Ivan sottolinea l’ennesima differenza: In Italia il calcio è metropolitano: due squadre a Milano, Roma, Torino, perfino a Genova e a Verona. E invece la pallavolo è provinciale. Un confine, un limite, ma che può diventare anche una forza. Ci sono realtà più piccole, ma proprio per questo più compatte, più forti, più radicate, realtà dove gli altri sport non sono repressi, soffocati, strangolati dal calcio. E soprattutto dice una grande verità che fa arrabbiare persino me, che di pallavolo credo di non aver mai visto nemmeno mezza partita. In Italia la pallavolo è ricordata solo quando si portano a casa medaglie olimpiche e titoli mondiali. Così non vale. Non si fa abbastanza per promuoverla, per diffonderla, per farla conoscere, e non lo fa neanche la Federazione, e questo mi manda in bestia.
Lo Zar e la Zarina
Ma Zaytsev, come molti uomini, non sarebbe quello che è senza una donna al suo fianco ed è così che ci racconta del suo triangolo amoroso e del folle innamoramento per quella ragazza bionda e filiforme metà romana e metà irlandese che decide di sposare nel maggio del 2013 (contro qualsiasi previsione amica). Innamorati. Ricezione, alzata, schiacciata. E il 31 ottobre dell’anno successivo nasce Sasha, esattamente lo stesso giorno di Marco van Basten.

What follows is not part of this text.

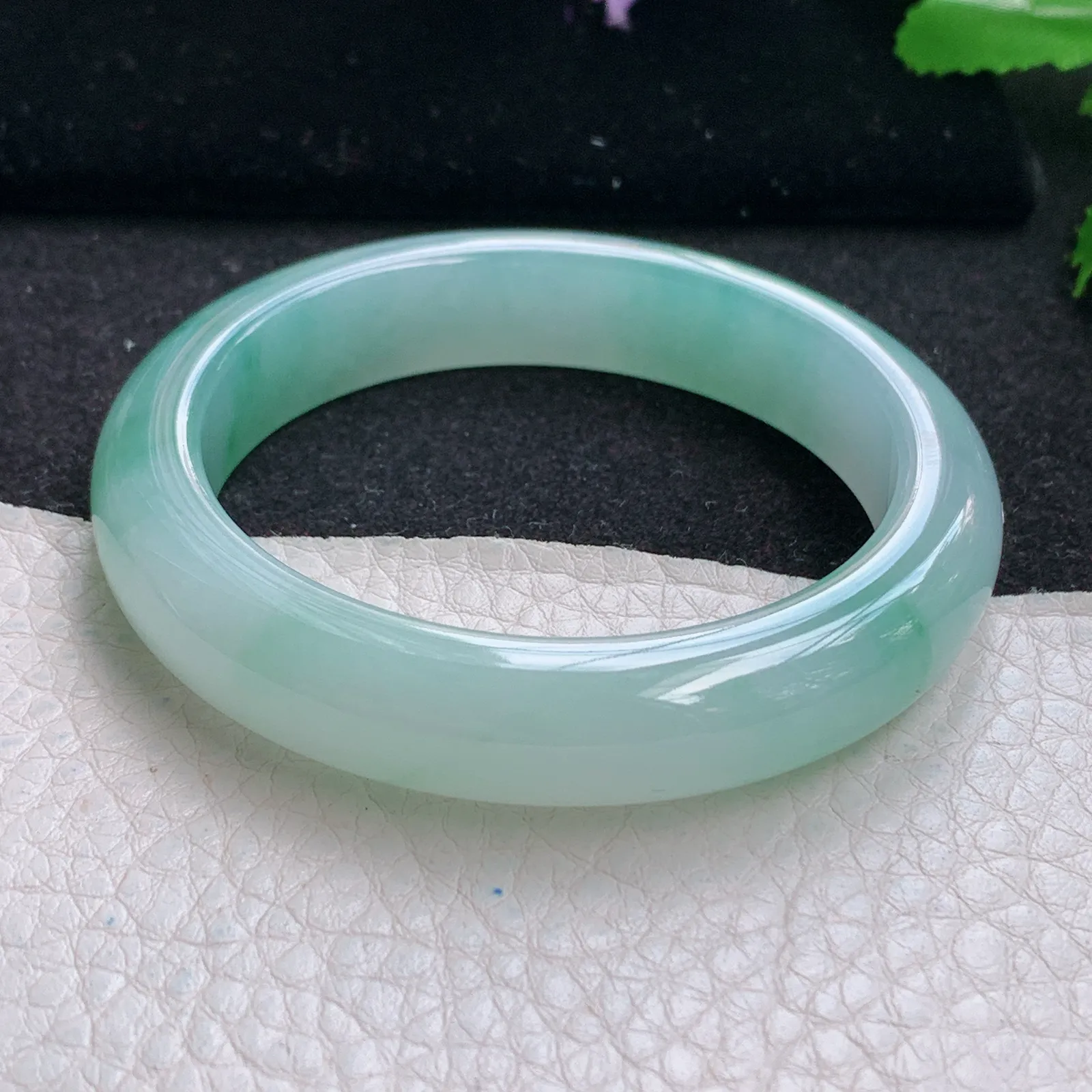 xh小圈口51*11.3*8平安镯 缅甸翡翠a货玉手镯冰胶水灵宽边玉手环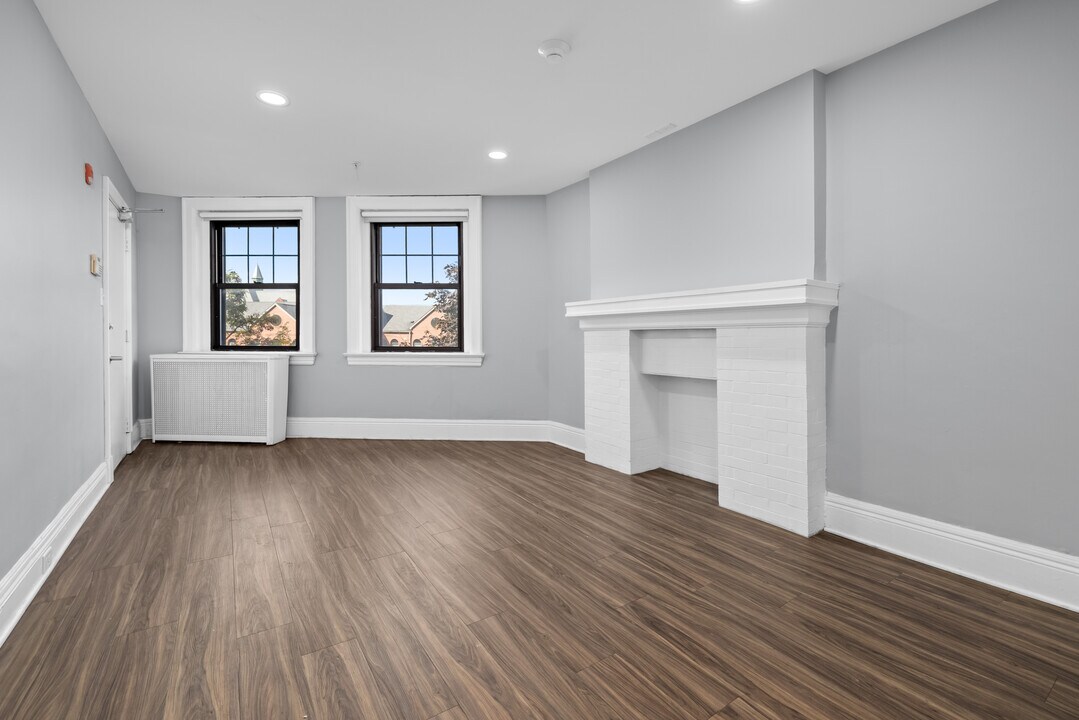 Griffin House Apartments in Buffalo, NY - Building Photo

Come tutti i veri sportivi lo Zar è contrario alle droghe a qualsiasi tipo di anabolizzante. Io non mi sono mai dopato. Mai dopato in vita mia. Doping free. Il doping mi fa schifo. È imbroglio, menzogna, trucco. E per uno sportivo è un fallimento. È scorciatoia chimica. Ma in Russia è tutto diverso perchè lo sport ti da i soldi e i soldi ti danno l’alcol, la coca, le donne e le partite di poker.
Che sia pallavolo, calcio, rugby o ping pong, Ivan ci ricorda le sei cose per cui lo sport è bello: il gioco, la leggerezza, la compagnia, la sfida, l’incertezza, la vittoria.